I am contacting you as the corresponding author for the paper: "GRAM: A generalized model to predict the molecular effect of a non-coding variant in a cell-type specific manner." PLoS genetics 15.8 (2019): e1007860.
I would like to express my thanks to you and your group for developing & publishing GRAM. I have recently tested it out and the results have been most interesting.
I have begun to work with eQTL analysis only recently and as a result, I was wondering what you would recommend as a multiple testing correction method for GRAM score based eQTL analysis?

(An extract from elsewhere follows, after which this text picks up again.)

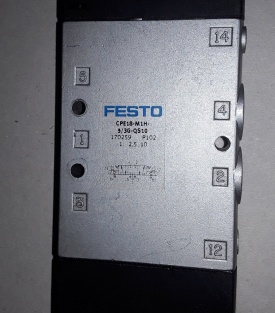 Festo magneetventiel CPE18-M1H-5/3G-QS10 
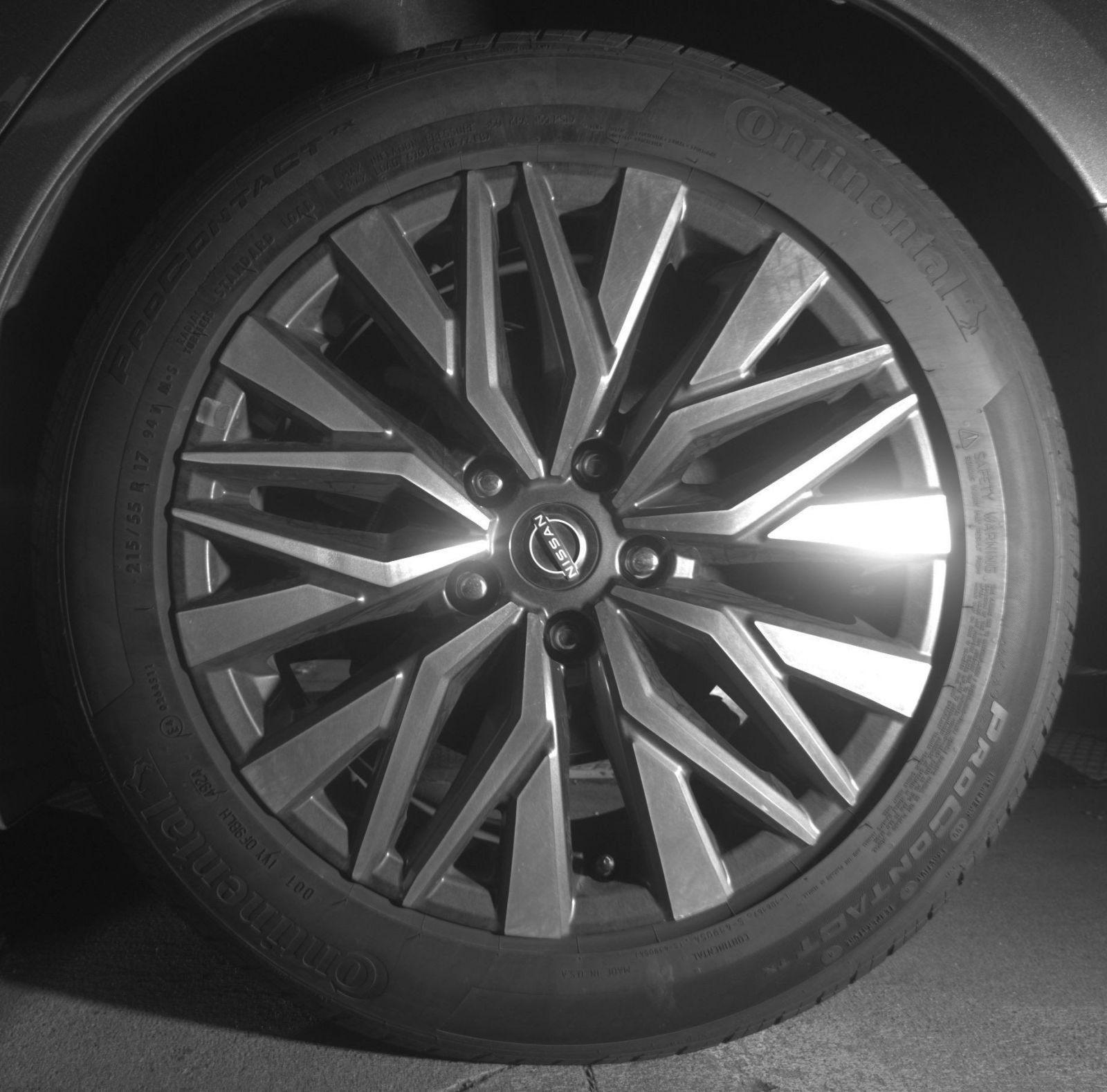 Used 2025 Nissan Altima 2.5 SV FWD image 13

From the literature I have seen that standard multiple testing correction methods such as Bonferroni & Benjamini-Hochberg have be considered too conservative for regular eQTL analysis as they do not take linkage disequilibrium into account, and several permutation testing based approaches have been published specifically for eQTL as a result (e.g. eigenMT). However, as you have demonstrated GRAM score based eQTL to be able to differentiate the regulatory effects of variants in linkage disequilibrium, I am unsure whether such methods would be appropriate here.
One of the application scenarios of using GRAM is fine-mapping, which suppose that you have a list of eQTL and its LD associated mutations. If you don’t have eQTL and want to try it on eQTL identification, maybe one way is you compare the gram score with a normally distributed background (use tens of thousands of background/random selected mutations) and infer a p-value of the GRAM score of a variant relative to the background, then use BH or FDR method to do the multi-testing correction.
Frankly speaking, this is a very great point to extend our GRAM. We may also consider testing this recently. The most computation-intensive part of this to calculate deepbind score for background variants, which will take a long time if we want to test millions of background variants. If you have any feedback, further questions or preliminary findings regarding this, please feel free to let us know.